Almost 30 years ago, Gibson explained better than anyone the concept of Modern Portfolio Theory and the wisdom of diversifying equity investments across different asset classes, mixing winners and losers, to reduce risk. Although counterintuitive, this made it possible to be fully committed to stocks while experiencing less volatility than when allocating a portion of the portfolio to bonds. If you could avoid bonds, you avoid the drag on returns that the bond portion caused over time.

The trick is to use asset classes that are “inversely correlated.” This means choosing a combination that will create comparative winners and losers over time. The more extreme, the better. The book illustrates what happens with an equal mix of large-company U.S. stocks, non-U.S. stocks, real estate and commodities. The four asset classes are rebalanced to equal percentages once a year. The book’s illustrations typically include the 1972 to 2011 period.

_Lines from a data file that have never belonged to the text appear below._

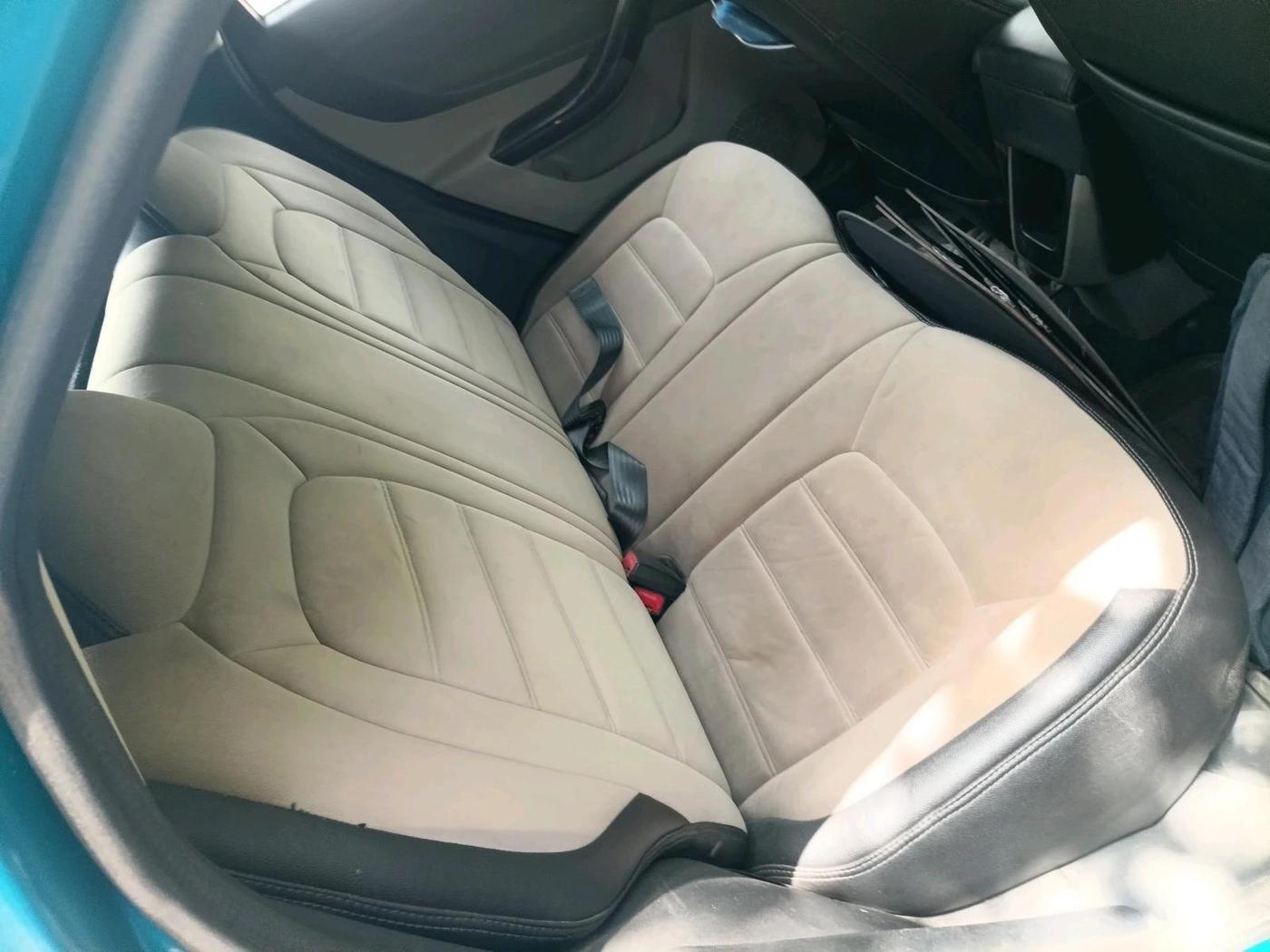 2018 Tata NEXON XM PETROL, Petrol, Manual, 54,205 km, interior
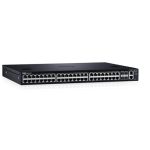   Dell EMC PowerSwitch S3048-ON 48x 1GbE RJ45 4x 10GbE SFP+ Layer2/3 Managed Switch Hot Swap 200W PSU Dell 4RPVX J4T5K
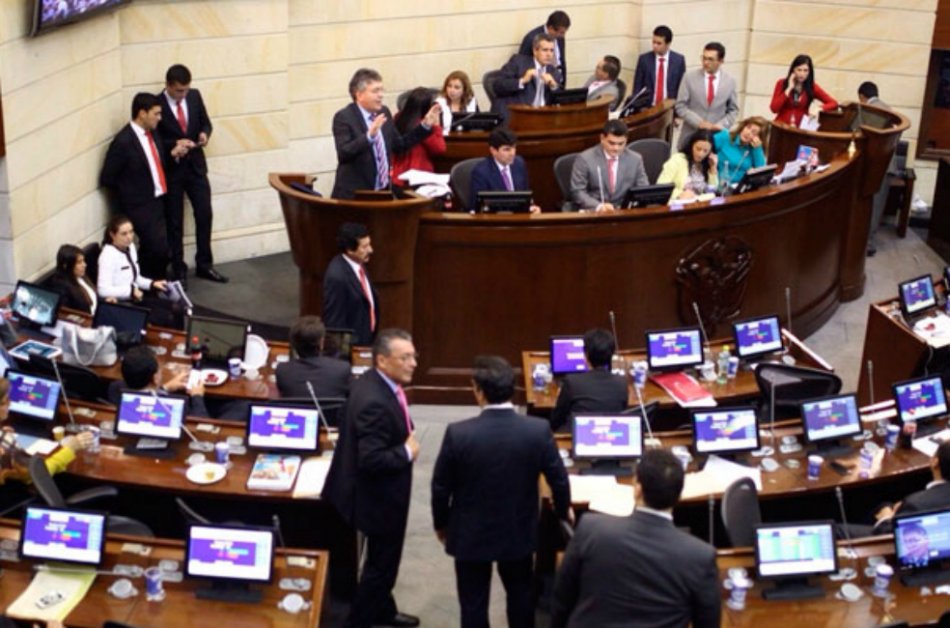 Congreso aprobó Presupuesto General de la Nación para 2016 por $215,9 billones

Bottom line: U.S. stocks alone averaged about 9 percent and the four-component mix earned about 11.5 percent. The 2 percent difference over 40 years meant that a dollar invested in the diversified mix grew to $74 over the period versus $43 for U.S. stocks alone — illustrating how important an incremental percentage increase can be. Most people would think that to earn twice as much money, a 5 percent return would have to be double, or 10 percent. Not so, thanks to the “magic” of compound interest.

A further reward is the reduced volatility of the mix. Known as the “standard deviation,” there is a range of how much an investment return can vary from the average while falling within this range two-thirds of the time.

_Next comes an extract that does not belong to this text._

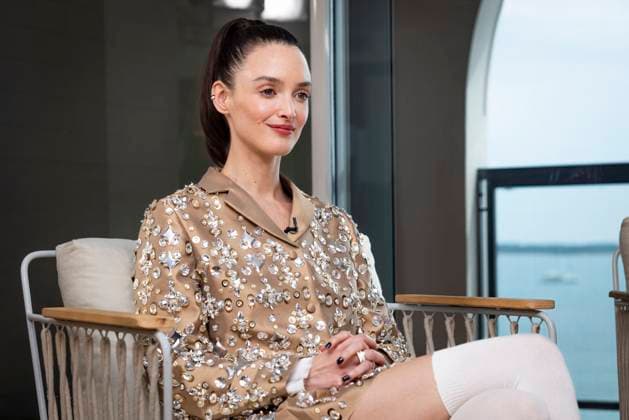 CÃ line Sallette et Charlotte Le Bon en confÃ rence Kering Talks Women In Motion lors du 77eme Festival International du Film de Cannes Ã l HÃ tel Majestic Charlotte Le Bon en confÃ rence Kering Talks Women In Motion lors du 77eme Festival International du Film de Cannes Ã l HÃ tel Majestic, Ã Cannes, France, le 24 mai 2024 Olivier Borde Bestimage Kering Women in Motion with Celine Sallette et Charlotte Le Bon at the 77th annual Cannes Film Festival at Palais des Festivals on May 24, 2024 in Cannes, France Cannes France  Copyright: xOLIVIERxBORDEx xBESTIMAGExOLIVIERxBORDEx xBESTIMAGEx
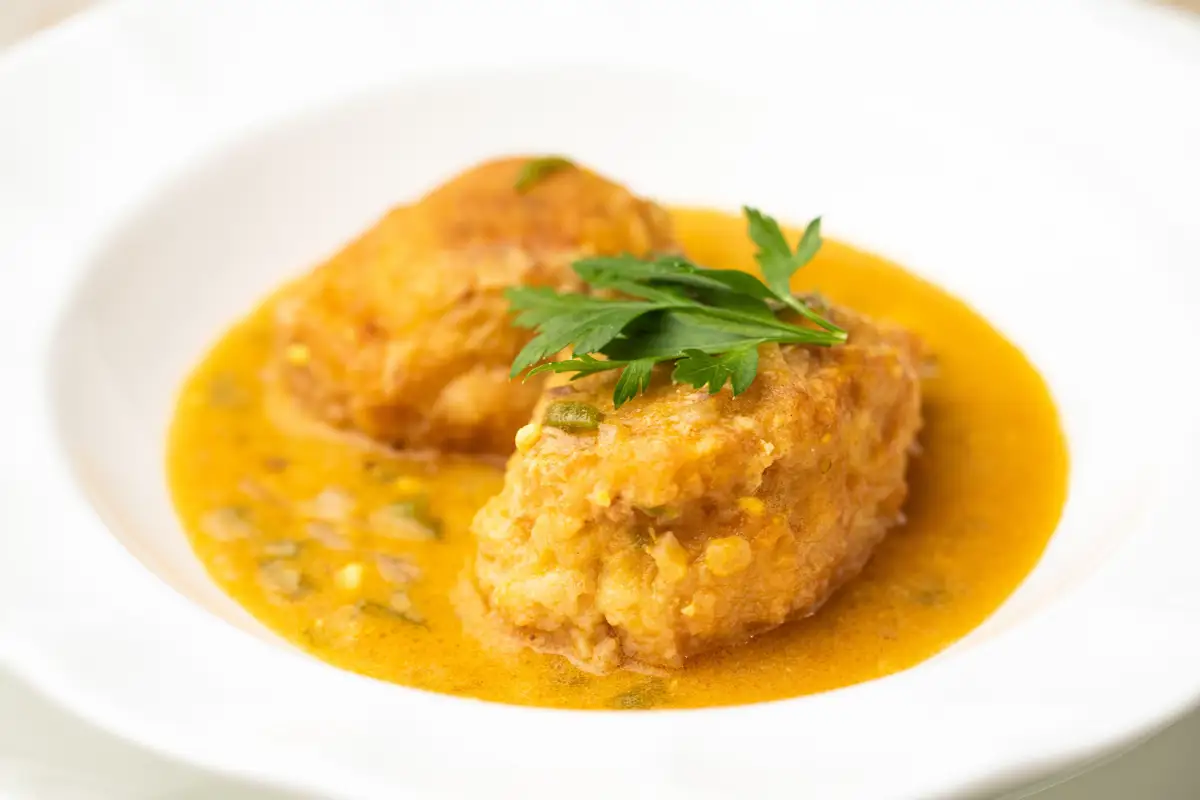 Huevos atados de Alcaracejos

For the diversified mix, the standard deviation figure is 14 percent. Two-thirds of the time, then, the maximum loss would be calculated as follows: 11.5 percent (the expected return) minus 14 (standard deviation), or a net loss of 2.5 percent. The standard deviation for the U.S. stock investment is 18 percent, so the bottom of the range would be 9 percent minus 18 for a possible loss of 9 percent.

But it’s not as simple as just dividing up these equity investments and returning to an equal 25 percent holding of each once a year. We have to deal with “frame of reference” risk.  Investors don’t mind losing money as much, as long as everyone else is losing money, too.  How well the overall market does becomes our frame of reference, and we tend to compare our results to this.

In periods like now, when the market is on a tear, there’s a side of all of us wanting to put our collective thumb on the scale of the bandwagon. But it takes nerves of steel to have half our money in something like real estate and commodities that are today’s relative losers. So, there’s room to deviate from established dogma and bet against history if it makes us more comfortable — at least inasmuch as our equity investments are concerned.

But to protect an all-U.S. stock portfolio against the downside, there is still room for bonds. One-third of the portfolio in bonds brings the expected return down to around 9 percent with the standard deviation at about 12 percent. This brings the bottom of the range to a net 3 percent loss — about the same as the four-asset mix above.

So, for the same volatility risk, we sacrifice about 2.5 percent of annual return.  But we’ll be happier being part of the crowd.